Besos que quieren seguir el ritmo de una nana que improvisamos para acallar su dolor o su miedo o para provocar que sus deditos aferren los nuestros como si fueran suyos. Besos que prolongamos hasta que se agota el aire en nuestra garganta o su paciencia; de esos que queremos que duren toda la vida y de los que hacen casi cosquillas. Besos que brindamos encogidas por el agotamiento de una jornada que parecía interminable y que finalmente se adormece entre las sábanas de sus camitas. Besos robados y otros que solicitan audiencia. Besos que escondemos detrás de sus orejas o besos que damos cuando sus voces se inquietan. Besos con los que jugamos y entregamos sin reparo, sin excusas. Besos con los que les pedimos perdón, aunque sea por una tontería. Besos que son como collares de coral que les regala el abismo de nuestras más dulces quimeras. Besos que brindamos con los brazos extendidos para que nada se interponga en el camino que a ellos nos lleva. Besos que dan calor… tanto calor… Y de esos que hasta curan heridas.

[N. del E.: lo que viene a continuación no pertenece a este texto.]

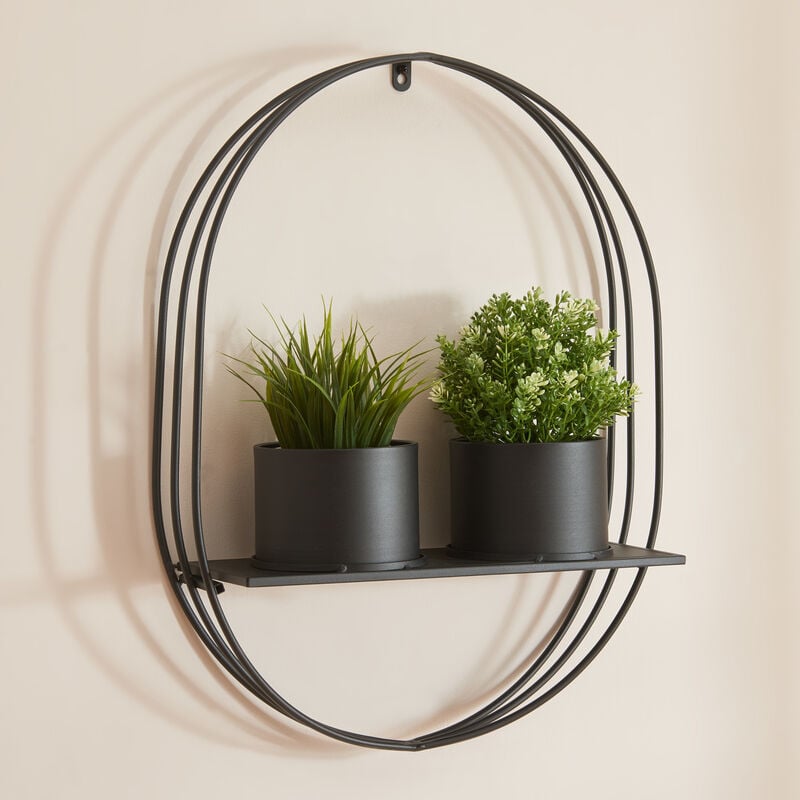 [en.casa] - tagère murale pour plantes Vestby métal 61 x 47 x 15 cm noir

Damos besos, muchos besos, y lo hacemos sin medida y sin saber si en algún caso dejarán huella alguna. Y con el paso de los años tal vez esos mismos besos ya no serán tan mágicos ni tan copiosos. Transcurrirá el tiempo y nuestros pequeños ya no serán nuestros bebés ni aquellos niños que se acurrucaban bajo el peso de nuestros brazos para descargar su ira o su llanto. Crecerán y se convertirán en hombres y mujeres independientes, libres como siempre fueron, aunque un día creyésemos que eran nuestros. Abandonarán el nido y así también un poco a nosotras.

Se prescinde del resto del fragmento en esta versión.